L'histoire décrit comment un ami travaillant chez un maraîcher aurait révélé cette pratique : un léger coup de désherbant sur la salade juste au moment de la commercialisation. L'objectif allégué était d'obtenir ce cœur jaune-blanc tant apprécié dans les scaroles, une couleur que les jardiniers savent difficile à obtenir naturellement, même en bloquant la lumière avec un pot de fleur. Une personne, Rosie, a mentionné avoir reçu cette information et, après des recherches, a conclu qu'il s'agissait d'un hoax. Elle a précisé qu'effectivement, le désherbant est massivement utilisé dans les champs, et quand un champ a été traité, c'est facile à voir car la végétation prend une jolie teinte légèrement rougeâtre avant de virer couleur paille, ce qui n'existe pas normalement dans le paysage.

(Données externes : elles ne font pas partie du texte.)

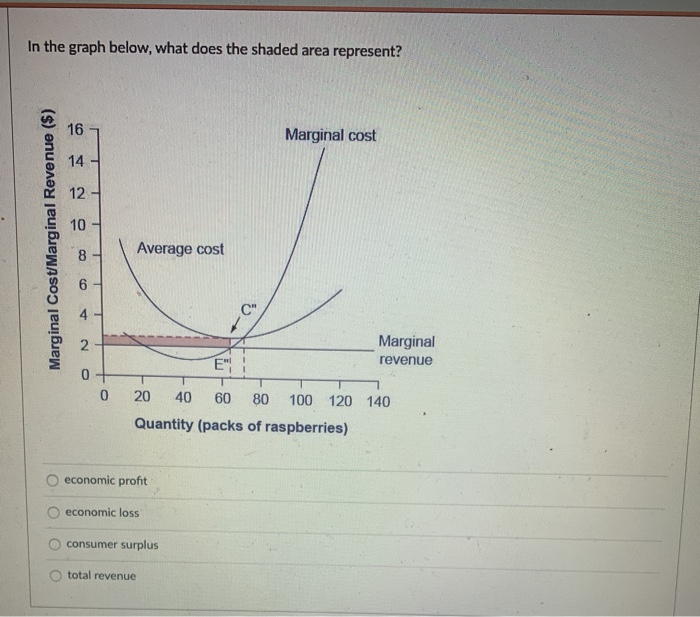 solved-in-the-graph-below-what-does-the-shaded-area-chegg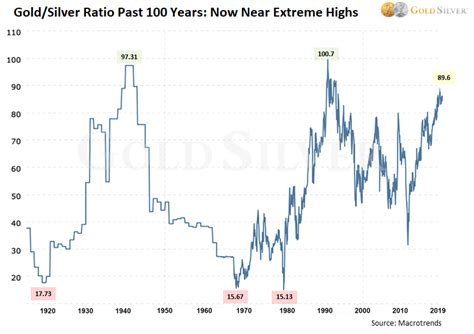 Is the Gold/Silver Ratio Headed to 100? Three Questions to Answer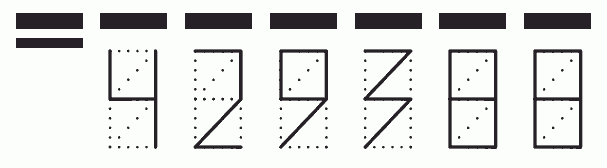 Пример заполнения индекса 429388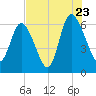 Tide chart for Rockdedundy River (Daymark 185), Georgia on 2022/07/23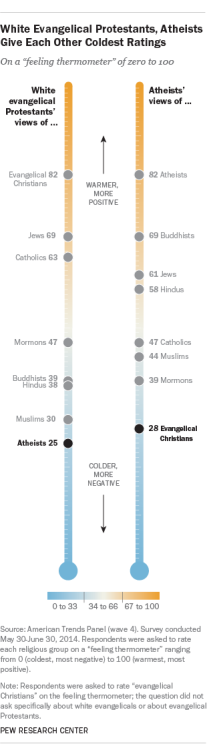 pewresearch: U.S. evangelical Christians are chilly toward atheists – and the feeling is mutua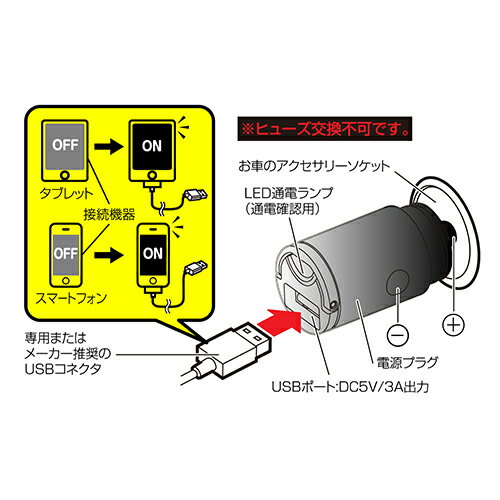 SEIWA セイワ F306 DCパワーミニプラグUA USB Type-A 5V/3.0A スマホやタブレットを急速充電！ 3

Rosie, dans un échange en ligne, a exprimé son incrédulité face à cette méthode, déclarant n'y pas croire, sans fausse honte. Elle a avoué utiliser du Roundup, non pas pour son jardin, mais pour les allées, et a constaté qu'au bout de quelques jours, tout est grillé, rendant impossible l'obtention d'un cœur blanc de salade de cette manière. Une autre personne a également jugé que ce n'est pas possible de blanchir les salades au désherbant, car elles seraient toutes fanées et invendables.
Les Réalités du Blanchiment des Salades : Des Méthodes Naturelles et une Fausse Comparaison
Le blanchiment des salades, en particulier des variétés comme la scarole ou la frisée, est une pratique horticole bien réelle qui vise à rendre le cœur des feuilles plus tendre et moins amer, tout en lui donnant une couleur plus claire, souvent jaune-blanc. Cependant, cette opération est réalisée par des moyens purement naturels, sans recours à des produits chimiques.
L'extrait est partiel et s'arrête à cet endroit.